With so many participants and the accompanying research data, several research and science libraries have collaborated in an effort to gather this data, for both past and present IPYs, and make it available for researchers and students of science. This collaboration has resulted in three data-related projects: International Polar Year Publications Database (IPYPD), Discovery and Access of Historic Literature of the IPYs (DAHLI), and the International Polar Year 2007-2008 Bibliography. The libraries and archives involved in these projects include the Scott Polar Research Institute Library, the Cold Regions Bibliography Project, the Roger G. Barry Resource Office for Cryospheric Studies @ NSIDC, and the Arctic Science and Technology Information Systems.

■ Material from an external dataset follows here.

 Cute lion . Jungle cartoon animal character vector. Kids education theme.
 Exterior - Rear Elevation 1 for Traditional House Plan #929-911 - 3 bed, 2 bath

Not only do these libraries and archives contribute to the above projects, they also have sponsored individual IPY events in an effort to inform their constituents of the various scientific activities occurring around the world.
This poster describes the ways in which the libraries, their users, and the scientists interact to both provide and manage the data generated by over a hundred years of polar research.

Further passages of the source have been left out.